After a big hit , the area that took the blow in no longer able to absorb impact to the degree it could when it was when new .
That area is now compromised .
Styrofoam is a loosely compressed material that has air pockets all around the main material . When it takes a hard hit , the material compresses much like a crumple zone in an automobile body . While it is compressing , it is also distributing the impact over a large portion you skull to lessen the affects of the hit . The larger area impact is distributed , the less damage to your brain (concussion) .
I myself have thrown out two helmets because they both took big hits to them :madman: <---(not this type of hit  
Even if the helmet does'nt show any cracks in it , don't think for a second that the fall you just took didn't harm the helmet , it most likely did .
The first one was a Canadian Tire Bell helmet . At the time I figured " oh , I know Bell , they make motorcycle helmets so this is all I need for Mtb'ing "
After I endo'ed with this helmet on , I had the biggest headache for the rest of the ride and actually into the night . Yepp , grade one concussion .
This is what lead me to buy a better helmet .
One other factor to watch with helmets is age . All manufactuers will tell you that you should replace your helmet after a certain number of years regardless of how much it cost or even if it has been involved in any crashes . This is probably the only downside of expensive helmets . The way I look at it is that if you paid $200 for a helmet and have to replace it after 5 years , you've paid $40 a year to protect your head properly .
You can't keep using any helmet forever . What really makes me feel ill is when I see someone using a helmet that is either older the rider or their bike .
The same can be said for hockey . If you see a player wearing a white helmet that is soo 
old , it has a yellowish tint to it ...  " ahh buddy , get a clue :nono: 

Unfortunately , most of us don't make proper decisions about protective gear until after we've hurt ourselves . Those of you that work in a bike store can attest to this .
How many times have you sold body armour to a rider who comes in after they took that big wipeout and came in with a big gash or raspberry some where on their body ?
==================================
SHIPPING : There is a real inconsistancy with what ANY courier charges . Just look at some of the examples in this thread alone . UPS is the worse :madmax: 
I once got a wheel set from the States shipped by Purolator . It came right to my door and yes it was quicker then mail but guess what I got a week later ???
An invoice for about $44 for brokerage , taxes and all that other **** that gets tacked on when you use couriers . My deal was still cheaper then buying local but it took a bigger chunk out of my savings .
This is why I ALWAYS try to get things shipped by mail .
Who needs the extra speed of a courier if it is in the middle of January ??
Don't pay extra for what you don't need .
Items shipped by mail also get over the border extra charges free aboiut 85% of the time .

Sorry for the long post ..... carpul tunnel setting in ........ must stop now


----------



## -=phelan=- (Nov 11, 2006)

try ebay


----------



## pipes10 (Mar 11, 2007)

this place has helmets for 50% off....u may find one here....they still list original price so just cut the price u see in half

http://ramsays-online.com/


----------



## rkj__ (Feb 29, 2004)

ccaddy said:


> Helmets : Quick summary :
> 
> The material that absorbs the impact in all helmets is styrofoam . This material is basically there to absorb the impact of a one time BIG hit .


Right.
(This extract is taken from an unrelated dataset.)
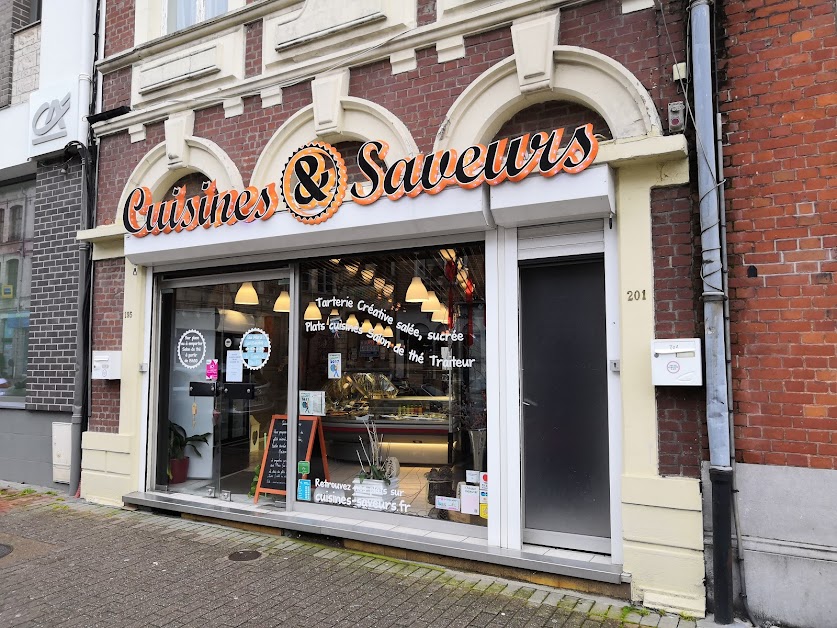 Cuisines et Saveurs à Douai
I look at an expensive helmet, i see Styrofoam. I look at a cheap helmet, i see Styrofoam.

I look at an expensive helmet. I see Styrofoam with a ton of holes (vents) in it. I wonder how it can protect when there is so little actual material. I make the assumption that perhaps the Styrofoam is of slightly higher quality than a cheap helmet so that it can provide the same level of protection as a cheap helmet with half the ventilation and twice the Styrofoam (protection).

Maybe I'm missing something here. I am not a Styrofoam or a helmet expert. First year materials science focused largely on metals  I understand that not all "Styrofoam" is created equal. The hardness for example can vary. Is this the difference? Although the material used looks the same, does it have different properties that set the expensive and cheap apart?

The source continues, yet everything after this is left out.